How many times have you seen crucial decisions being taken on gut and nothing else? How many times have you sat in a meeting where decisions were taken with assumptions that the target consumer would think and act like the decision makers? – ‘If I were to buy I would choose this over others. What do you think?’ Have you ever counted on the times such decisions have failed/ backfired?

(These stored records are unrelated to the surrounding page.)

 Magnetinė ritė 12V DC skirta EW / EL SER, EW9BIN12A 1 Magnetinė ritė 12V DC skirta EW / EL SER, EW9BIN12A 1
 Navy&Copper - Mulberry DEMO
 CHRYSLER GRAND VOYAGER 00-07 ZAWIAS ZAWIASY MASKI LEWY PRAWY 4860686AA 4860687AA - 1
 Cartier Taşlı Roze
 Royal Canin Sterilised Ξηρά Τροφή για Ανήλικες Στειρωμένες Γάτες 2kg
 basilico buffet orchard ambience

If you have not witnessed even one such act in your career, feel blessed – You are God’s own child. Not many are that blessed though. They would have at times, in their career, seen powerful and often intelligent people sidetracking hard consumer data (primary or secondary) to make an important decision on gut. The justifications in most of these cases are – ‘Experience counts’, ‘Consumers do not know what they want’, ‘Consumer Researches are BS’ etc. At times and to some, these justifications would seem fair – especially when some of these decisions work fabulously (bringing ‘I told you so’ smile to the decision maker). However, and data would support this, most of the times such decisions fail to bring the desired results. I have seen many products, brands, startups (including those started by people known) fail simply because instead of exploring the needs of potential/ target users, decision makers simply assumed things.

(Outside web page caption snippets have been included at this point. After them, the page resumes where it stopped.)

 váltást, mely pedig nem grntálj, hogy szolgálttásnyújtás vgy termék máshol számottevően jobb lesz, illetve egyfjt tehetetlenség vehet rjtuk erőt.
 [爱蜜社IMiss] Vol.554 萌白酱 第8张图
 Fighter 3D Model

An attempt to define this phenomenon:
I have a name for this syndrome – ‘the lens problem’. I have always believed that we best know the opinions and attitudes of people who are at the same socio-cultural-economic level as ours – simply because our immediate circle with whom we interact often falls in that category. This theory can be generalized into the following – Since our interactions are mostly limited to people who fall into our level or one level up or one level down in socio-cultural-economic ladder, we tend to know most about them only. Whenever we transgress this boundary, we enter the dangerous territory of ‘the lens problem’ where we tend to look at a problem with a lens which is not relevant.

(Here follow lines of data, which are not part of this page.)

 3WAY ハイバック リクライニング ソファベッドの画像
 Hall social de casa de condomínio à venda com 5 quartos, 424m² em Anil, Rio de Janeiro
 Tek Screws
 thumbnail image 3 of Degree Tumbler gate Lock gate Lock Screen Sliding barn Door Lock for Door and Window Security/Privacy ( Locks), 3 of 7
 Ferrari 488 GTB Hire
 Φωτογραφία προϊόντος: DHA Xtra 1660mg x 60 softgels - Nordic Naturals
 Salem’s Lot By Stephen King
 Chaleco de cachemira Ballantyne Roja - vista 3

An interesting 'Blast from the Past':
One of the first things which I learnt when I started my career as a Market Researcher almost a decade back was ‘be prepared to be proven wrong’ – things which seemed obvious were not so obvious once we went to the consumers and analyzed their responses. It is like watching a well-known movie with a twisted end. You come out wondering whether you were at the right movie. And this, many times, foxes even trained professionals who go into outright denial mode – ‘this is crap… BS’ kind of stuff. I distinctly remember a call from one brand manager (while I was in agency) asking – ‘Are you sure of the result?’
‘Very.’ I replied.
‘I have put my bet on different variant though.’ That variant was ranked 4th among the 6 variants tested. It was not even liked let alone be the winner. Yet the brand manager was fixated on this variant only. On his insistence I re-verified the data, dissected into several cuts and finally reported back – ‘the results remain the same.’ Considering the context I am setting, it is not difficult to piece together the remaining bits: the brand manager chose to ignore the results and went ahead with his ‘conviction’ and the variant bombed in the market.
One could claim bias and present examples to the contrary and those would be completely true too – however, existence of contrary does not mean proof of nonexistence. Lens Problem is very real and exists rampantly in this world.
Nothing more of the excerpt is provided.